Some of the noises that creep-up are from body panels coming disjointed or misaligned, with parts and surfaces scraping, grating and rasping. Obnoxious, yes but not necessarily something that would break your car. Unless the noises are coming from more critical systems of your car.
Squeaking on uneven roads may indicate that the shock absorbers could be shot. Pronounced chugging sounds from the engine could be a sound of cylinder misfires. Clacking sounds that get faster with speed indicate possible problems with the axle joints and grinding sound from the transmission should be a serious concern too.
The challenge really is isolating where the undesirable sounds are coming from and determining the cause. Some of these odd noises can even bewilder average mechanics. So a thorough inspection by expert automotive technicians using latest electronic diagnostics equipment and years of practical experience is needed to determine what these noises really mean, whether if it’s something that needs to be immediately addressed or something that you can live with for a while.
5. You Smell That?
Any burnt smell in the interior should raise the alarm. It could be electrical shorts happening or the AC motor burning out. Either way, these are fire risks and its best to get your car towed for repair.
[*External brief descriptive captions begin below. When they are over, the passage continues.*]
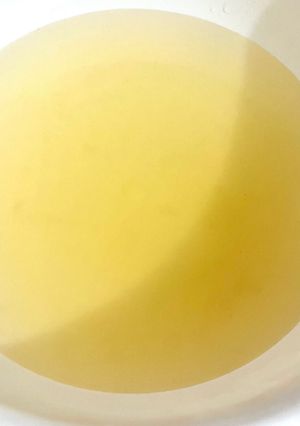 基本の野菜出汁(ブロード)-レシピのメイン写真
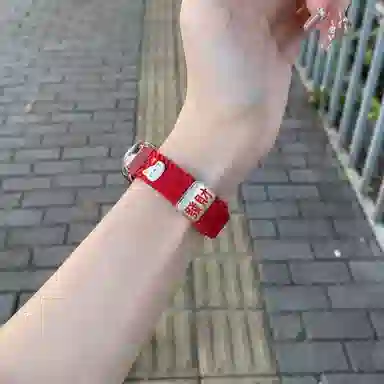 CHENSONG ins98nfc654321 206mm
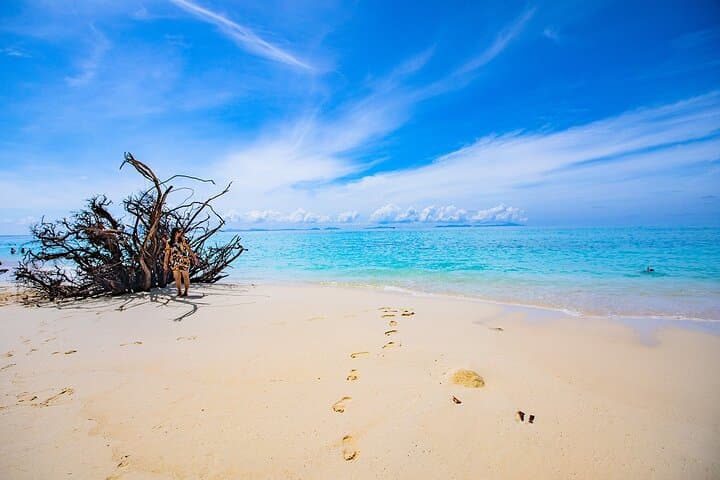 Maya Bay & Phi Phi Snorkeling Tour from Koh Lanta — Maya Bay, Monkey Bay, Phi Phi Don photo 6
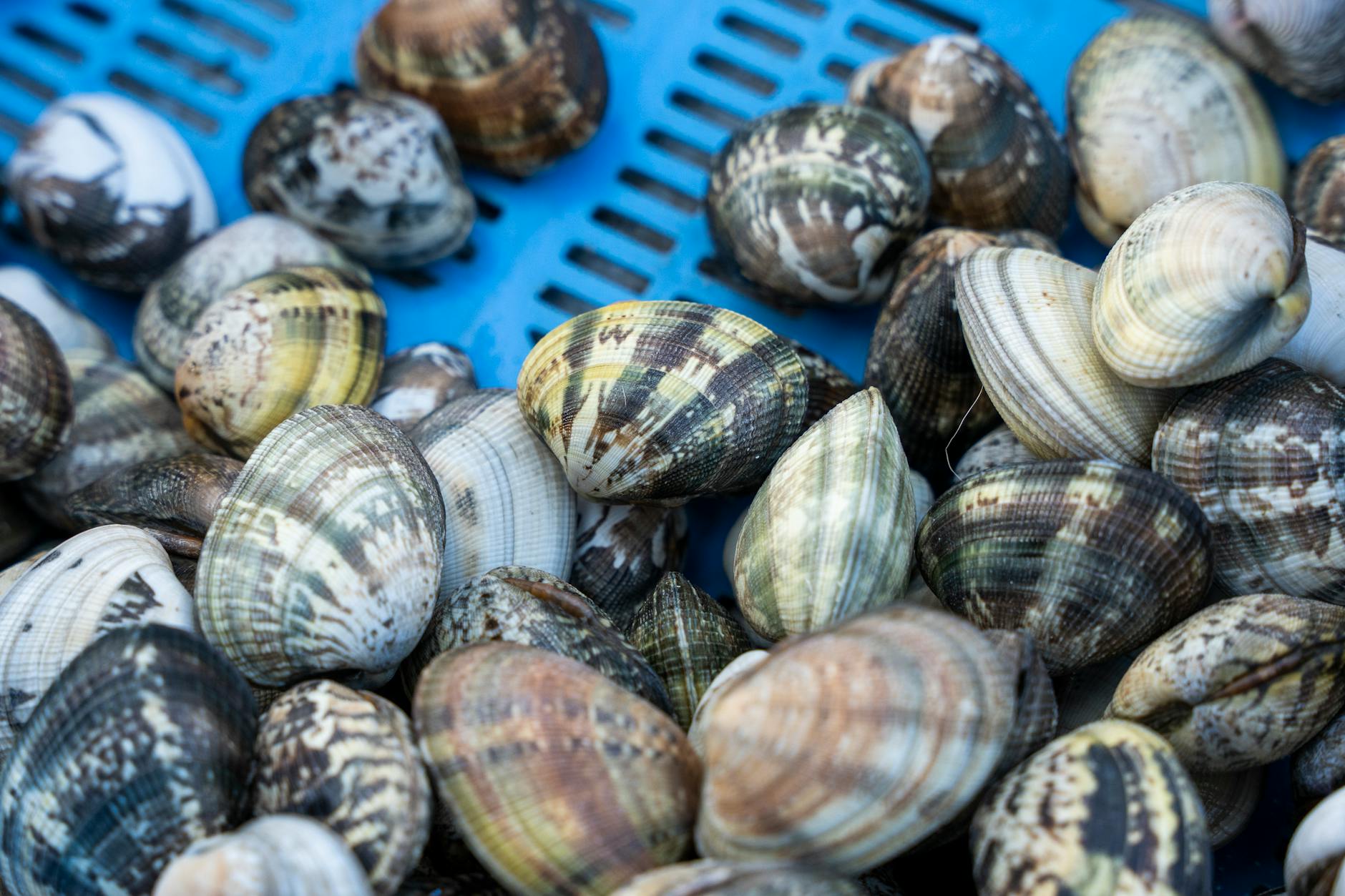 How to Get Clients for Your Shellfish Aquaculture Business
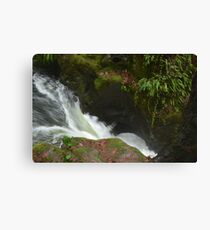 Danger Zone Canvas Print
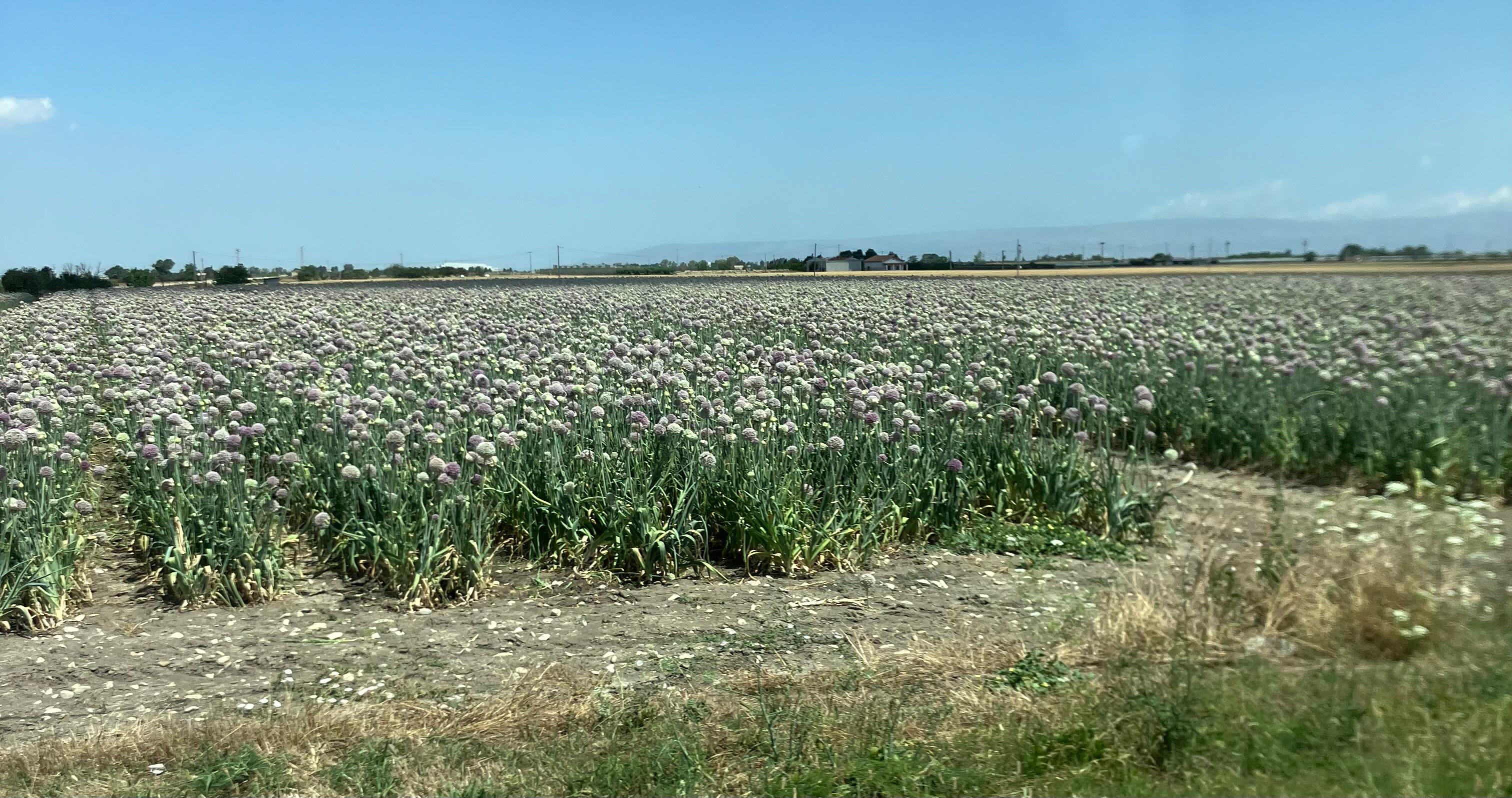 Miele Millefiori con prevalenza di Coriandolo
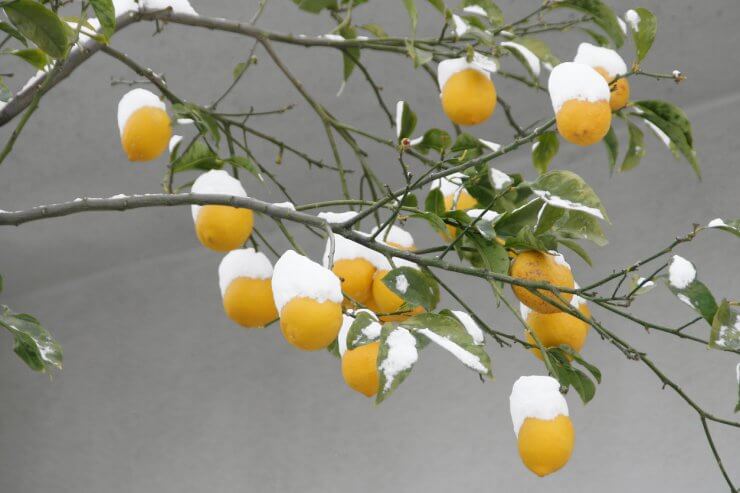 Lemon tree with snow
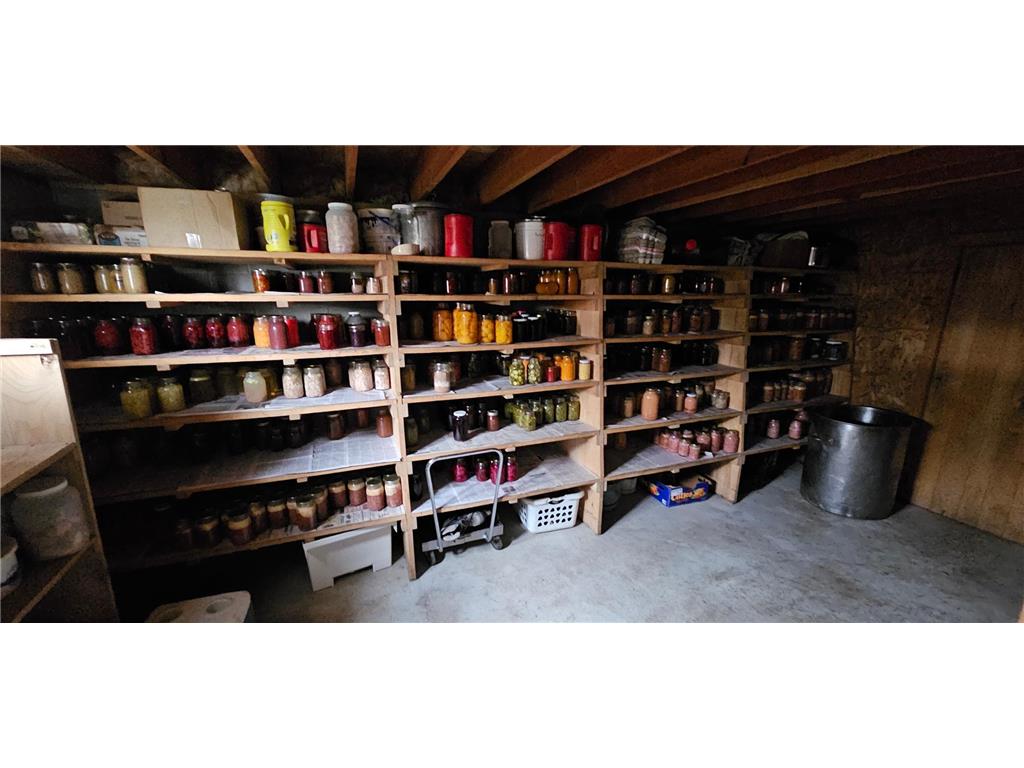 16325 351st Avenue Amherst Twp MN 55939 6768959 image73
A burnt smell from the underbody could mean clutch trouble. A botched clutch may need replacement and although replacement parts could be cheap, getting to the clutch assembly is a very involved process, thereby an expensive ordeal.
The smell of your car’s exhaust fumes is another way to gauge your engine’s health. A gasoline engine on idle will smell almost odorless. If the exhaust smells too much of gasoline then your engine is running rich and not burning fuel efficiently. Or fumes could smell like burning oil which means engine oil is leaking in the cylinders. Again, these are signs of an unhealthy engine that needs attention from a trusted mechanic.
Signs of looming car trouble can hit any of your senses. If you think something is not right with your car, odds are something isn’t. But the best way to tell for sure is taking your car to a trusted auto repair shop and having a professional ASE certified mechanic check it out. As the old automotive adage says, an ounce of preventive maintenance is better than a ton of repairs.